--- Information shown ---

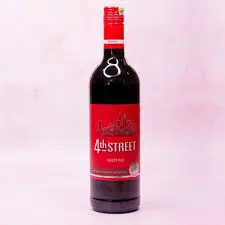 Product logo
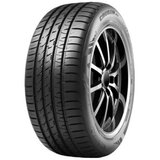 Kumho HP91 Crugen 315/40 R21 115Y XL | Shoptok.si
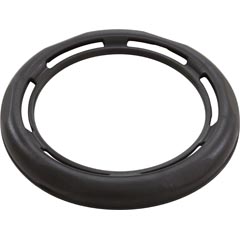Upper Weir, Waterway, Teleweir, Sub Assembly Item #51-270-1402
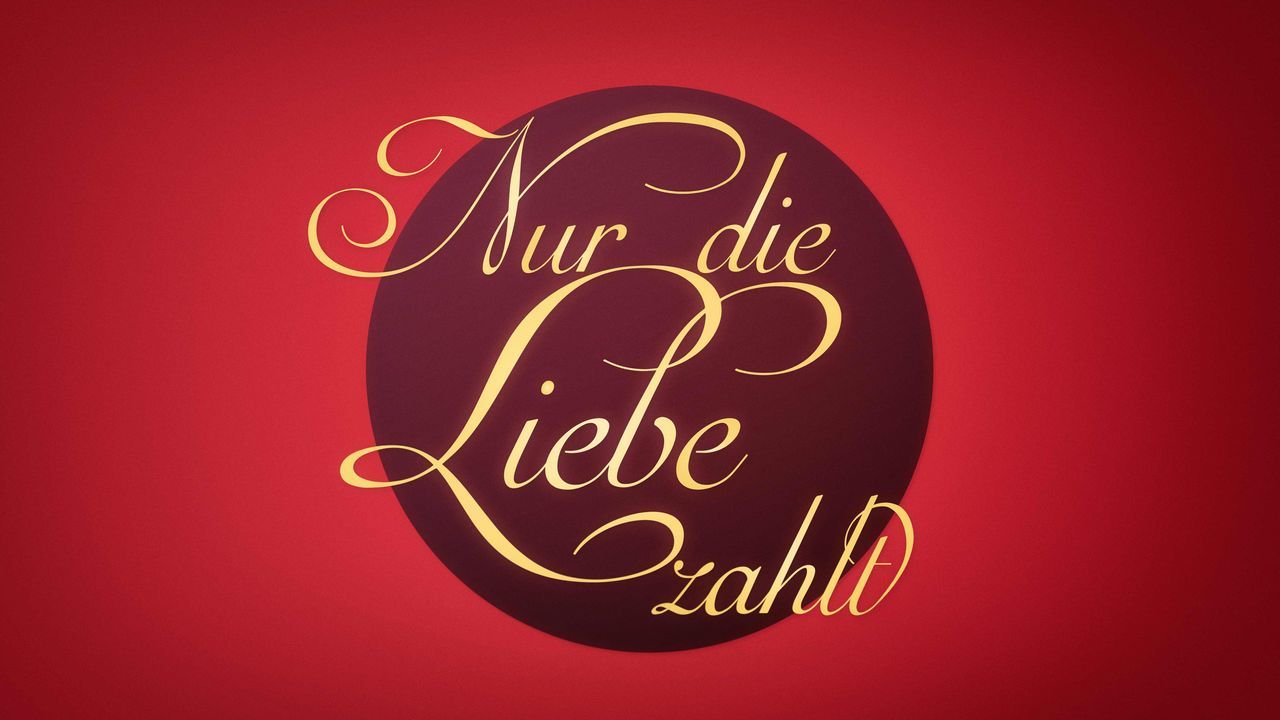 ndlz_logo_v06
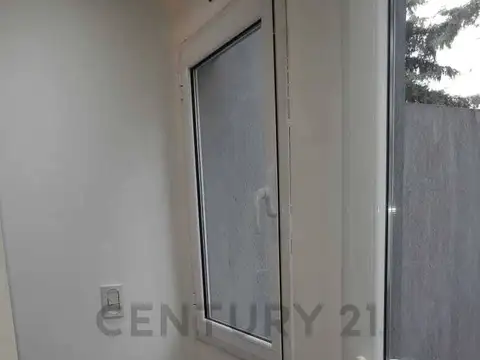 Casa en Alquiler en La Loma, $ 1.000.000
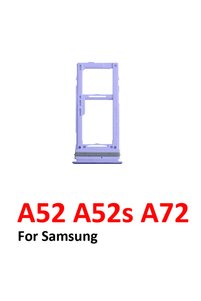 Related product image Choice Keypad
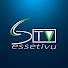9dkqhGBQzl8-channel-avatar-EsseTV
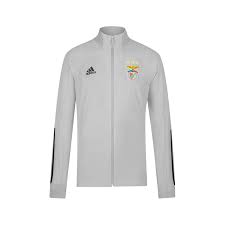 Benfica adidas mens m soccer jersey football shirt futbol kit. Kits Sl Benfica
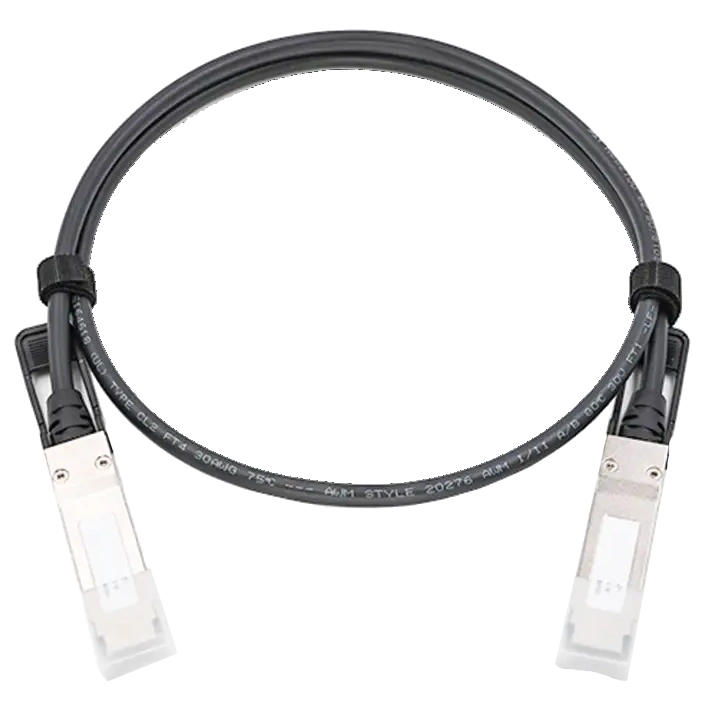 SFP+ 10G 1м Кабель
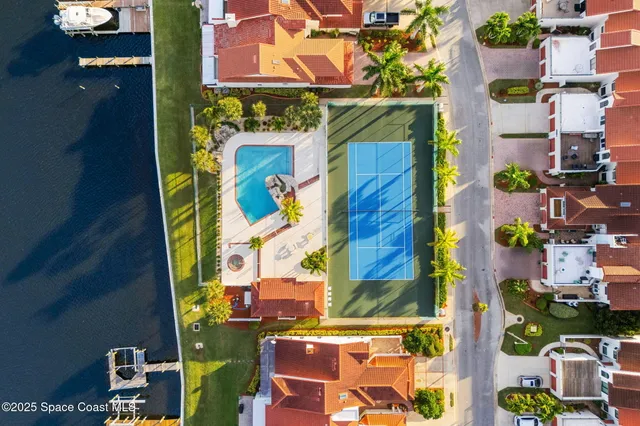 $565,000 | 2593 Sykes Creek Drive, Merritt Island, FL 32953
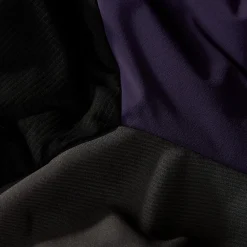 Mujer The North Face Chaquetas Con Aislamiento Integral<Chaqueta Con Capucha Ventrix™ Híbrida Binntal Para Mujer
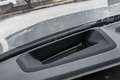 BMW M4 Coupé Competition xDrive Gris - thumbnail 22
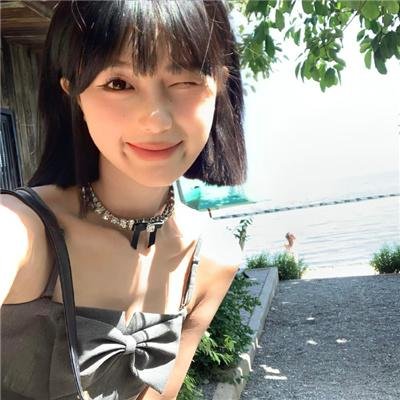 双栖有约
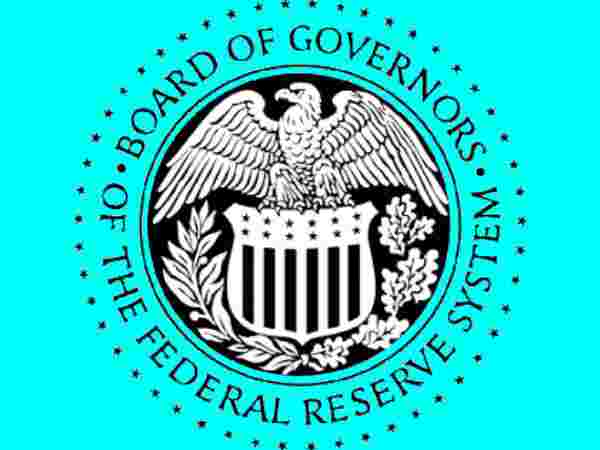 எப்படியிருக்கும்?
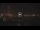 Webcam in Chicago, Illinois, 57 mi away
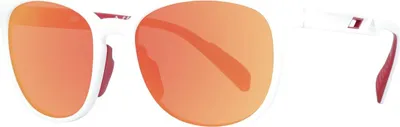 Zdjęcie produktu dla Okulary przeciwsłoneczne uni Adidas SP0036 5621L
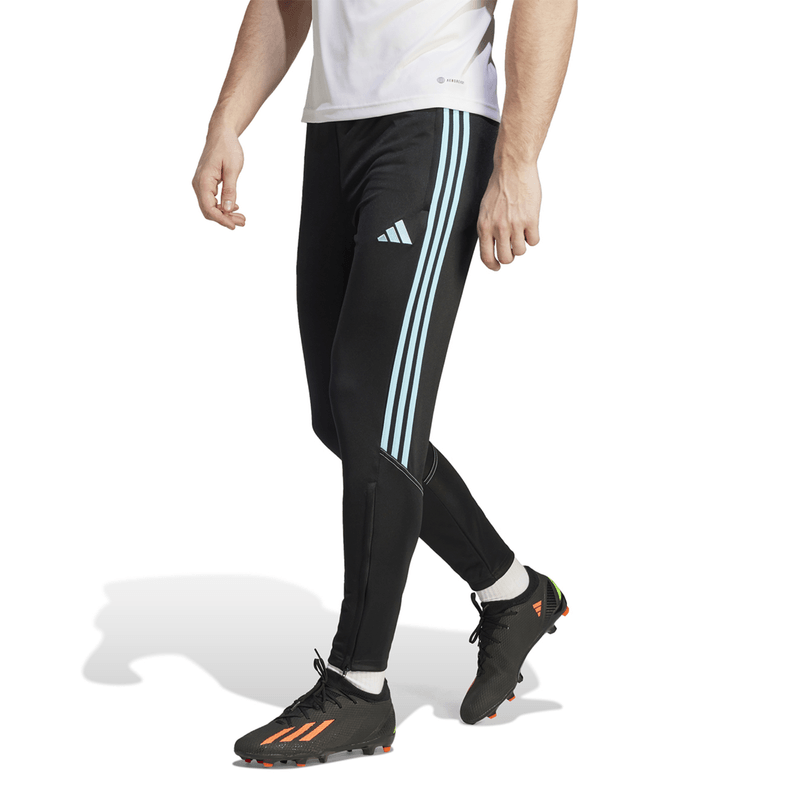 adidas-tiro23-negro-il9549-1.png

---

Repeat exactly the lines from the one containing "Island, FL 32953" to the last line of the data above, both included, and write no pictures into the copy.

 $565,000 | 2593 Sykes Creek Drive, Merritt Island, FL 32953
 Mujer The North Face Chaquetas Con Aislamiento Integral<Chaqueta Con Capucha Ventrix™ Híbrida Binntal Para Mujer
 BMW M4 Coupé Competition xDrive Gris - thumbnail 22
 双栖有约
 எப்படியிருக்கும்?
 Webcam in Chicago, Illinois, 57 mi away
 Zdjęcie produktu dla Okulary przeciwsłoneczne uni Adidas SP0036 5621L
 adidas-tiro23-negro-il9549-1.png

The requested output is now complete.